Review for NeurIPS paper: Toward the Fundamental Limits of Imitation Learning

NeurIPS 2020

Toward the Fundamental Limits of Imitation Learning

Review 1

Summary and Contributions: This paper presents a number of theoretical results for (variants of) behavioural cloning approaches to imitation learning. These results indicate that the strategy of directly mimicking the expert is condemned in the worst-case to make an error that scales quadratically with the horizon. The same applies to a variant involving querying the expert, e.g. Dagger. It seems that presented upper bounds on these methods are similar to those known in the literature, e.g. RGB11. Another result of the paper is that an improvement to linear dependency in horizon can be obtained by making a transition function available to the learner. I believe this result is meaningful as a number of practical approaches are based on the use of simulator to overcome the expert-learner distribution shift. ----------- Rebuttal ----------- I have read the author feedback. * I believe that the problem characterization in terms of number of states |S| is weakly informative. In high-dimensional spaces, it should be expected to find an error in close proximity of the expert trajectory. I would be interested in worst-case results over distribution shifts that are likely to occur in practice; e.g., in the robust MDP framework one solves a minimax problem over a *bounded* amount of noise (see e.g. G. Iyengar "Robust dynamic programming"). * In the light of previous comment, it is not clear to me that this is a limitation of the imitation learning. * Given that quadratic upper bounds for supervised learning algorithm are tight for deterministic expert policies, the proposed lower bound (Theorem 4) is not surprising. * The real issue is how to recover from the unseen situations. This paper proposes the use of transition / simulator that seems to me much more informative result, unfortunately, only limited to one section. Due to the above considerations, I do not revise my score.
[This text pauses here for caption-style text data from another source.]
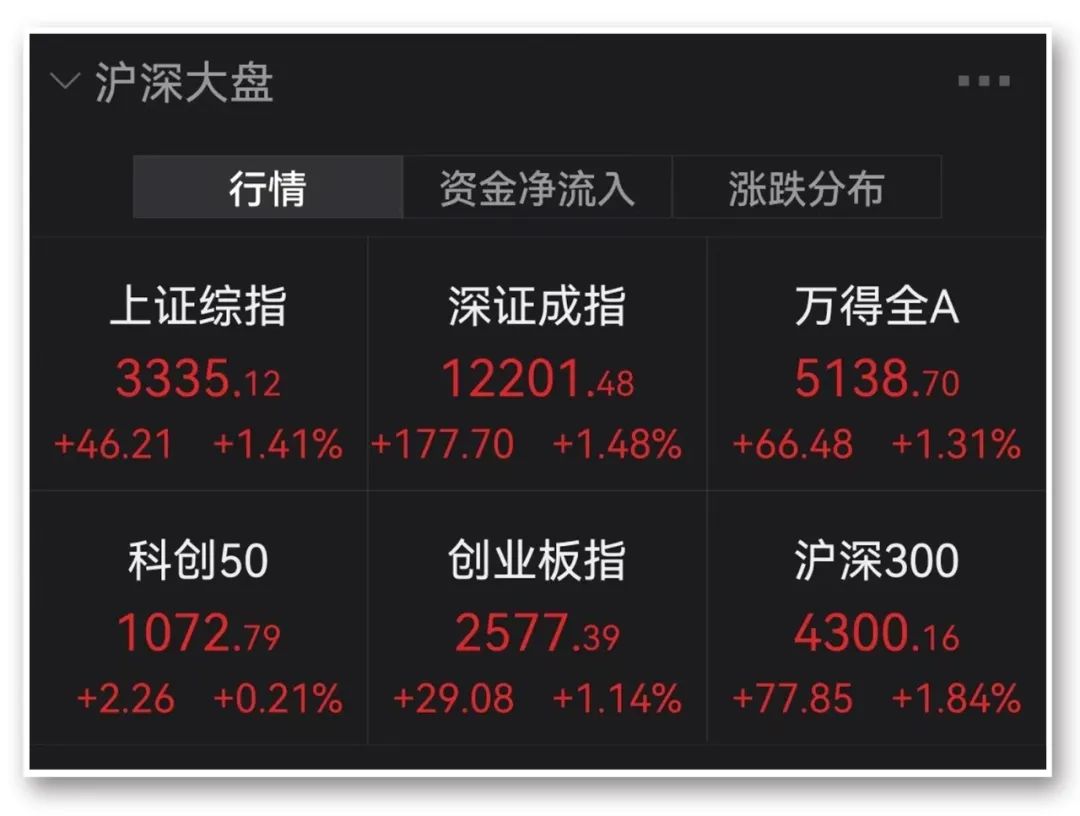 安信证券行情(安信证券股票行情600816)
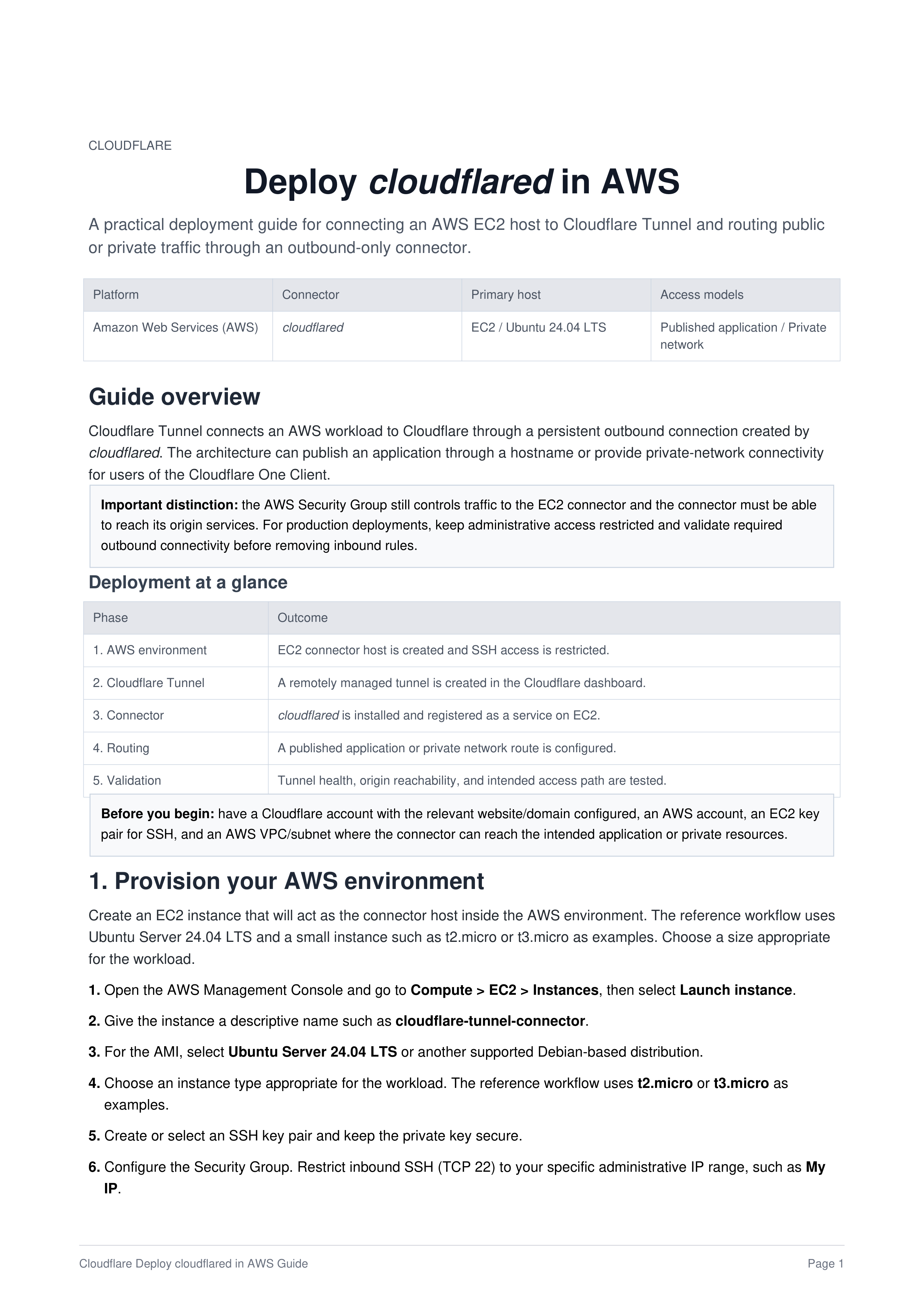 Cloudflare Deploy cloudflared in AWS Guide — page 1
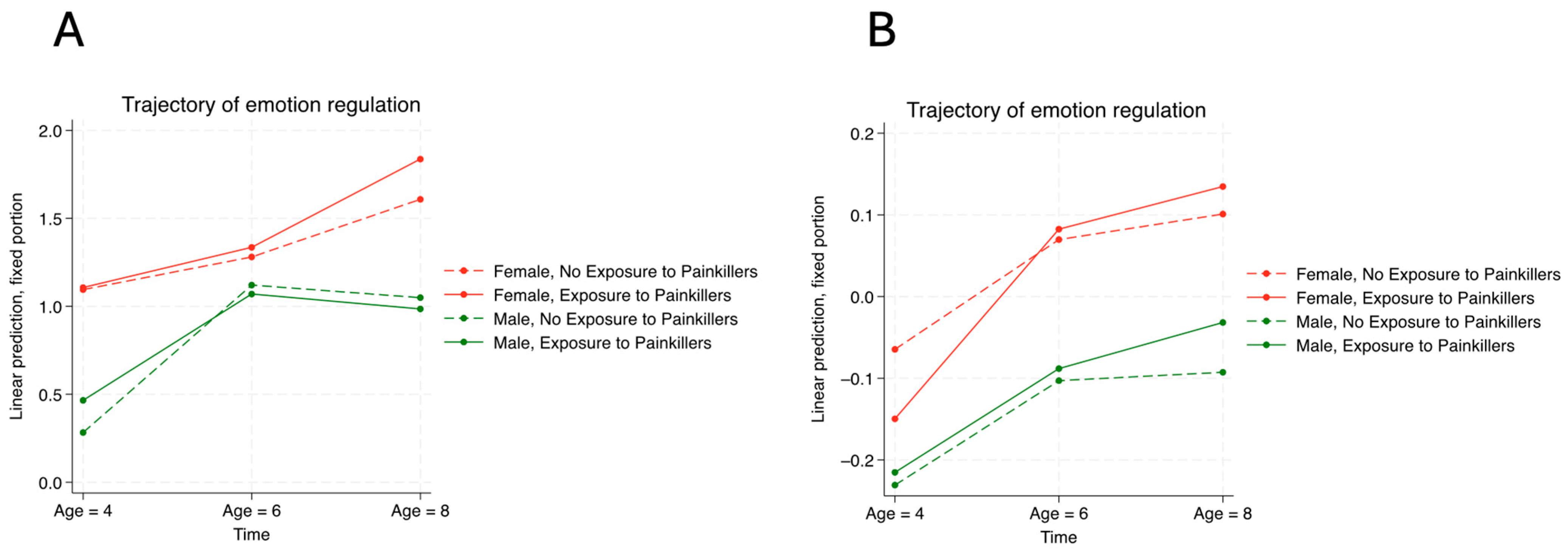 Children 11 01558 g002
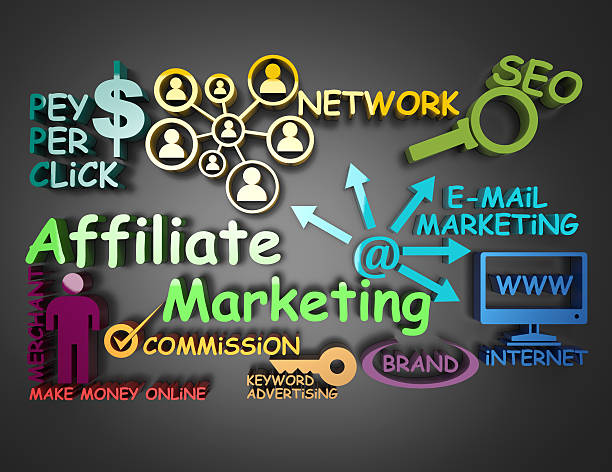 The Benefits of Affiliate Marketing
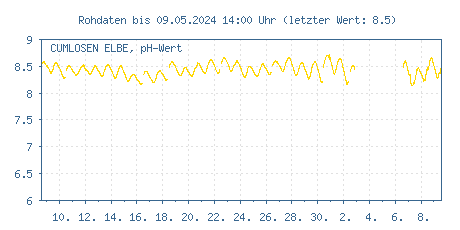 Gütemessstation Cumlosen, Elbe, pH-Wert der letzten 31 Tage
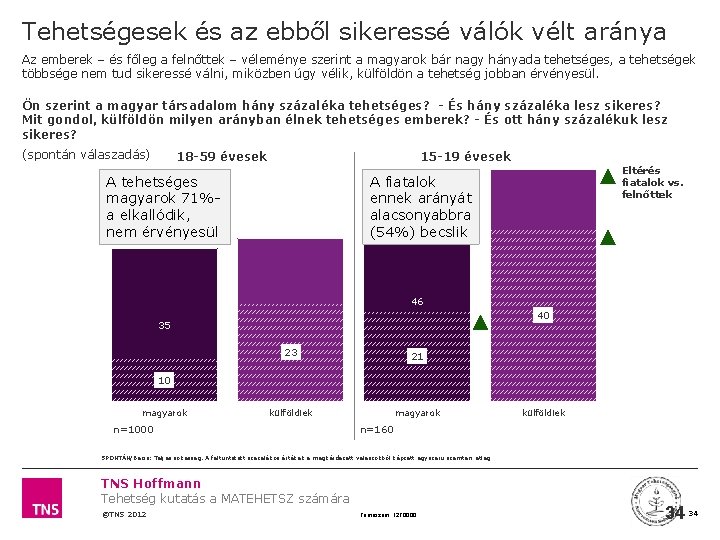 Tehetségesek és az ebből sikeressé válók vélt aránya Az emberek – és főleg a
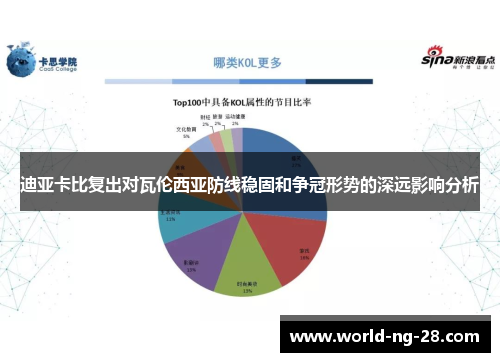 迪亚卡比复出对瓦伦西亚防线稳固和争冠形势的深远影响分析 迪亚卡比复出对瓦伦西亚防线稳固和争冠形势的深远影响分析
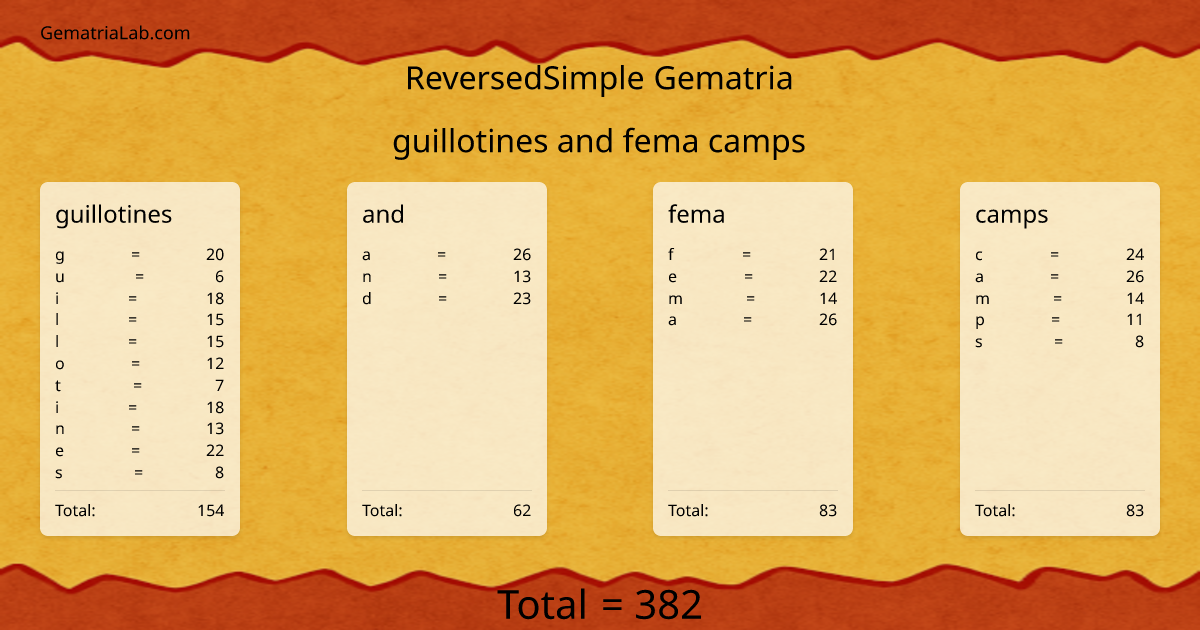 guillotines and fema camps in reversedSimple Gematria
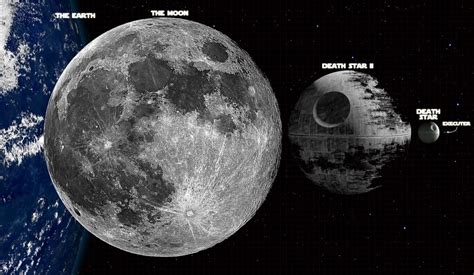 File:Death Star size comparison.jpeg - The Star Wars Minute Wiki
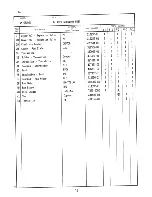 Preview for 26 page of Hoshizaki KM-631DSU Parts List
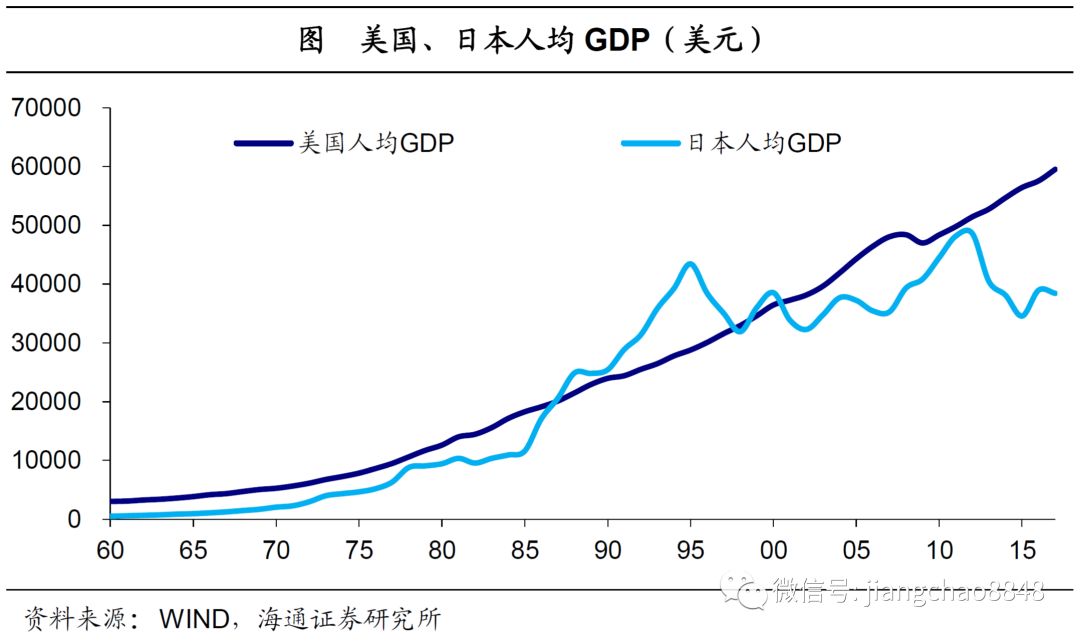 转型期 经济总量下滑_经济下滑(3)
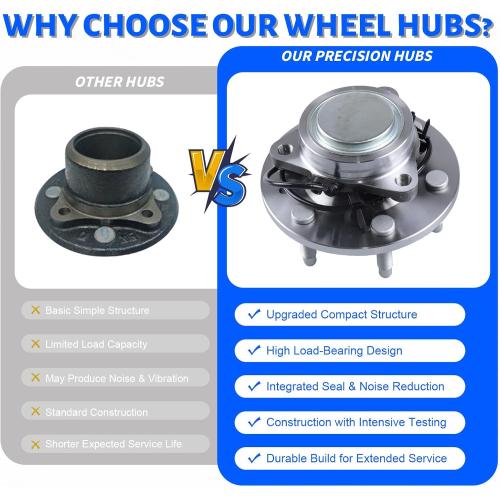 2 x 515053 Front Wheel Bearing Hub Assembly with 6 Lug ABS Compatible with Cadillac Escalade 2002-2006, Fit for Chevrolet Avalanche 1500 2002-2006, Fit for GMC Savana 1500 2003-2008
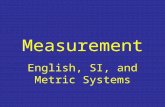 Measurement English, SI, and Metric Systems. English System This is the system we use on a day-to-day basis. The U.S. adopted the metric system in 1866.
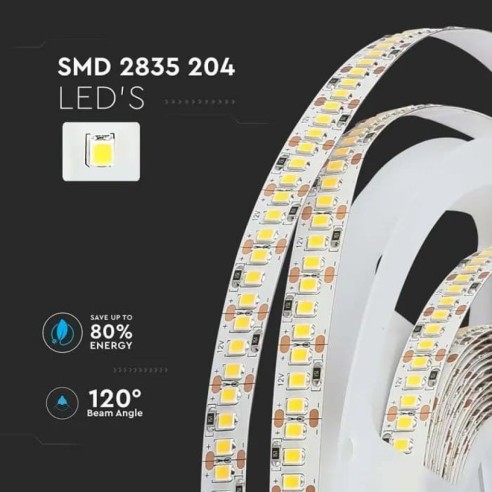 Bande LED 12V, SMD2835, 17W/m, 204...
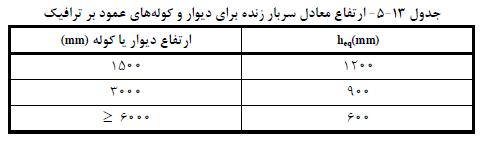 ارتفاع معادل سربار زنده براي دیوار و کوله هاي عمود بر ترافیک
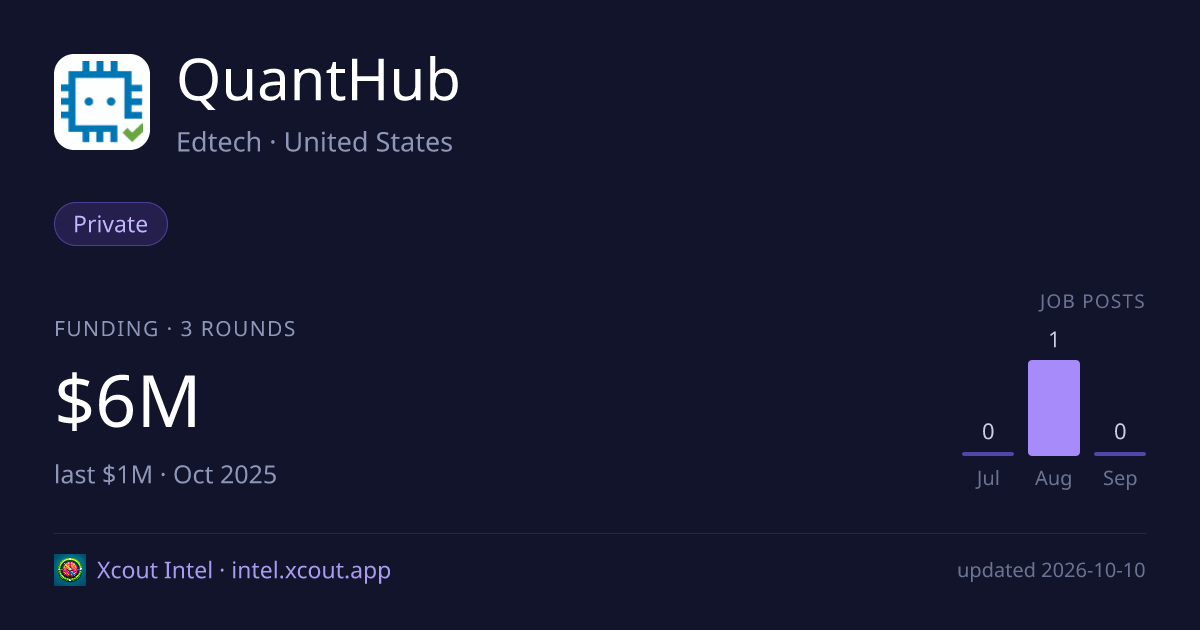 QuantHub — share card preview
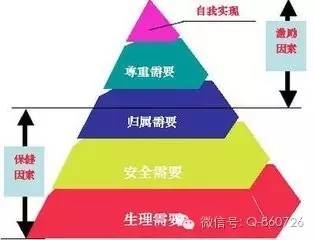 马斯洛需求层次理论案例,马斯洛需求层次理论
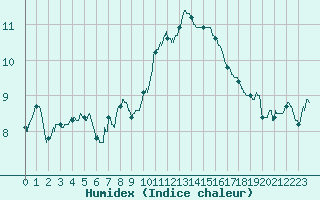 Courbe de l'humidex pour Aubenas - Lanas (07)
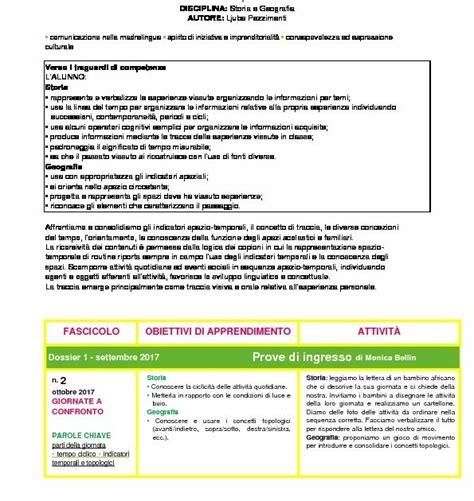 Progettazione Annuale Storia E Geografia Classe 1 Doc Giunti Scuola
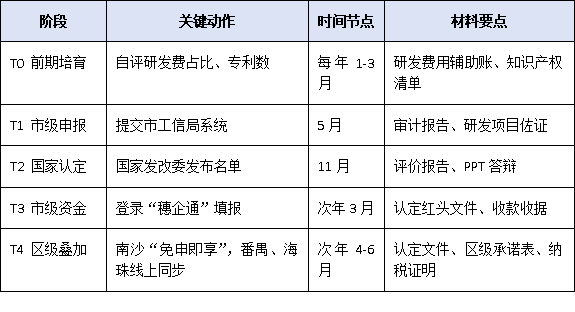 不止300萬！廣州國家企業(yè)技術(shù)中心疊加獎(jiǎng)勵(lì)地圖：南沙、番禺、海珠各區(qū)政策一次梳理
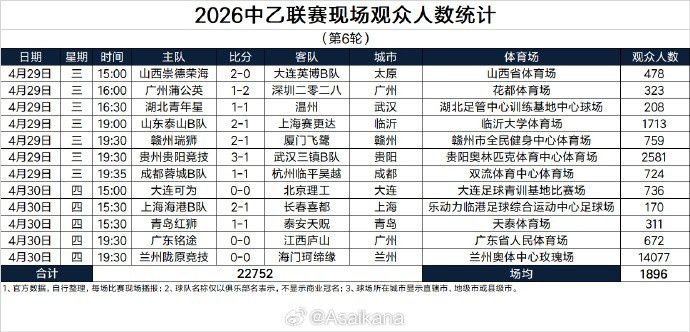 中乙第6轮现场观众数：兰州陇原竞技主场14077人居首，场均1896人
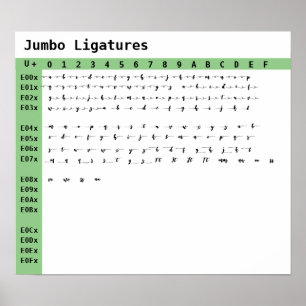 Poster Ligatures de police Jumbo
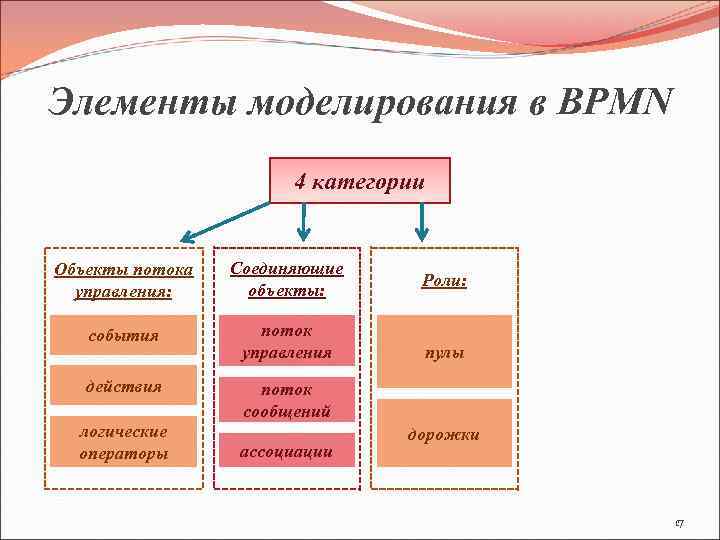 Моделирование элементы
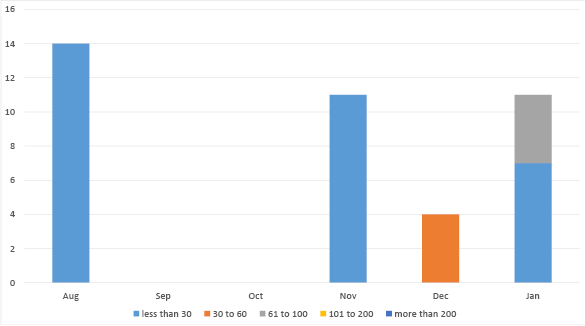 Bar chart summarising the outstanding data submissions over the last six months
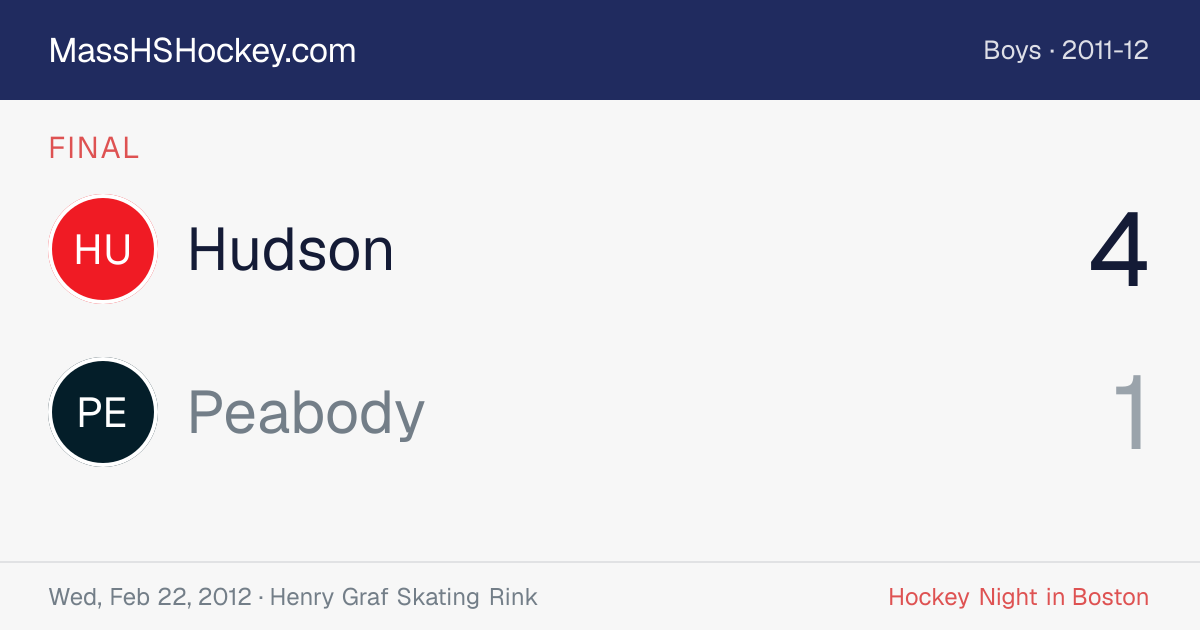Hudson at Peabody score card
Strengths: I find the analysis with the known transition matrix informative on how to tackle the distribution mismatch between the learner and the expert in behavioral cloning. It seems that adjusting for covariate shift using a simulator / transition function is a promising approach. Practical applications would be benefit from potential extension of these results to a setting with approximate transition function.

Weaknesses: The simple behaviour cloning as well as interactive approaches are analysed in the literature using reduction to supervised learning. Thus, somewhat unsurprisingly, they suffer from the same caveats in the presence of distribution shift. When the state space is large, it will always be possible to find a state that wasn't visited by the expert trajectory. Thus, I am not fully convinced of the implications of the worst-case results presented in the paper. In addition, some results only apply to deterministic expert policy that I find restrictive in a practical setting.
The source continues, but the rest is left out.